━━ Records provided

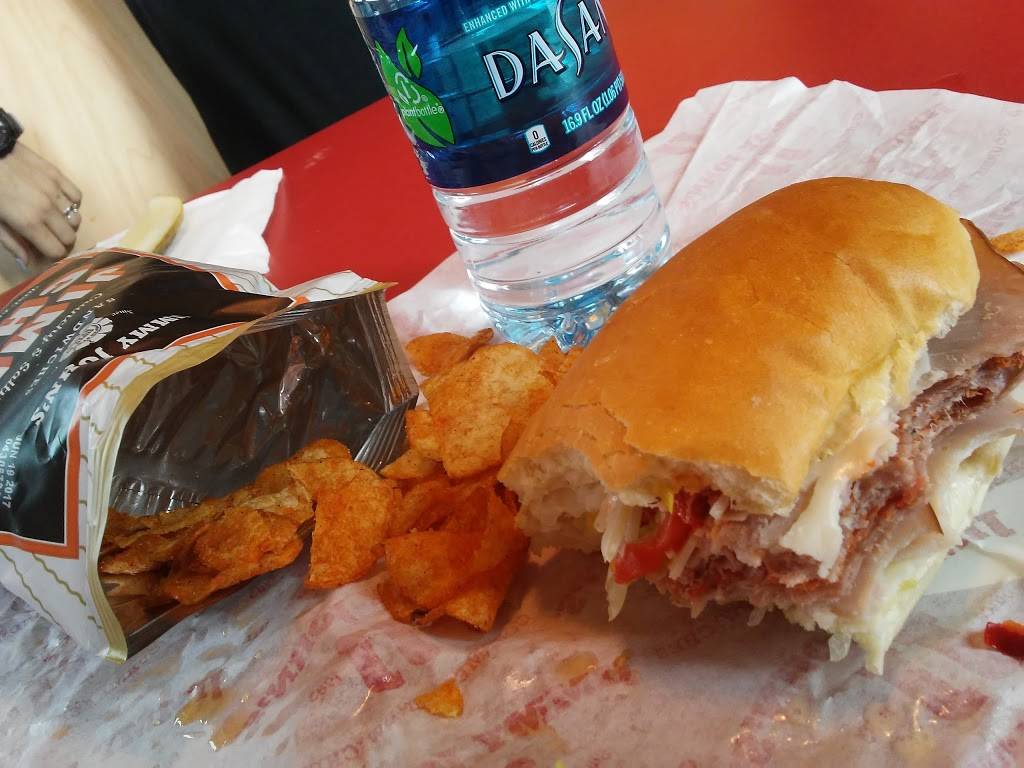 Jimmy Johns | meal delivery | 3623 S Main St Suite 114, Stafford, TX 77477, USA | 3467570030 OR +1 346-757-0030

━━━━
━━ Records provided

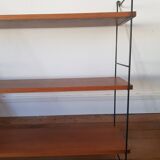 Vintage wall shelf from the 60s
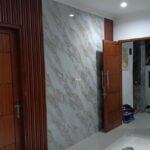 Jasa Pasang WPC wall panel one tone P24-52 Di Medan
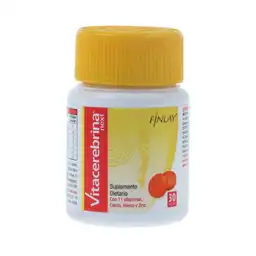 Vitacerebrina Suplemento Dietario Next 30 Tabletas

━━━━
━━ Records provided

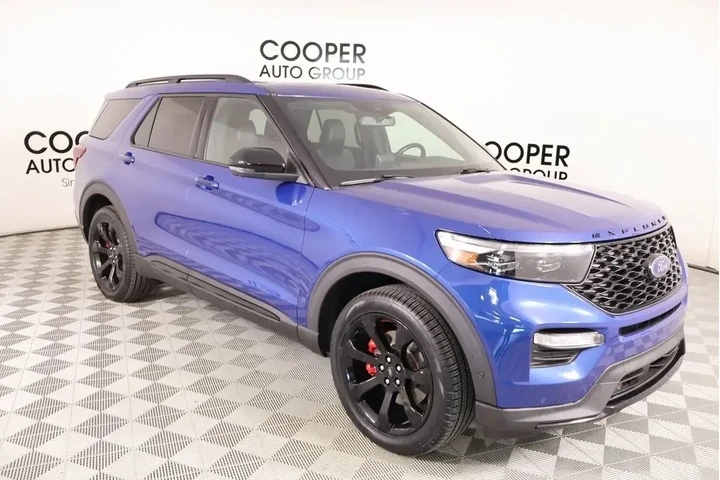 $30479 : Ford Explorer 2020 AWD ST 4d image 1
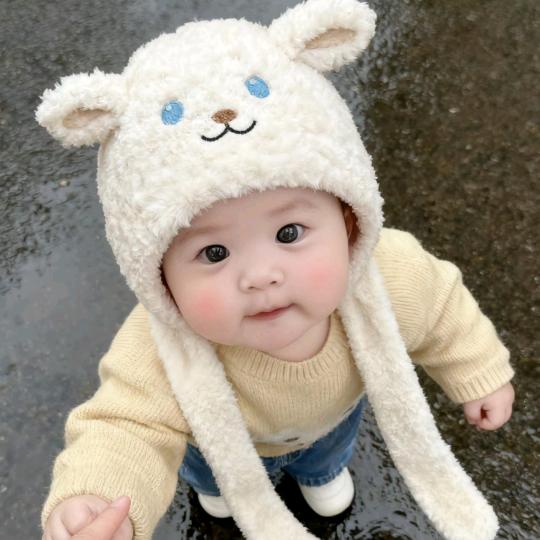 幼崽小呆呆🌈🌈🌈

━━━━

Using the entries above, extract exactly the lines from the one that contains "Vintage wall shelf from the 60s" through the one that contains "Vitacerebrina Suplemento Dietario". Do not carry over any pictures.

Solution to this exercise =>
 Vintage wall shelf from the 60s
 Jasa Pasang WPC wall panel one tone P24-52 Di Medan
 Vitacerebrina Suplemento Dietario Next 30 Tabletas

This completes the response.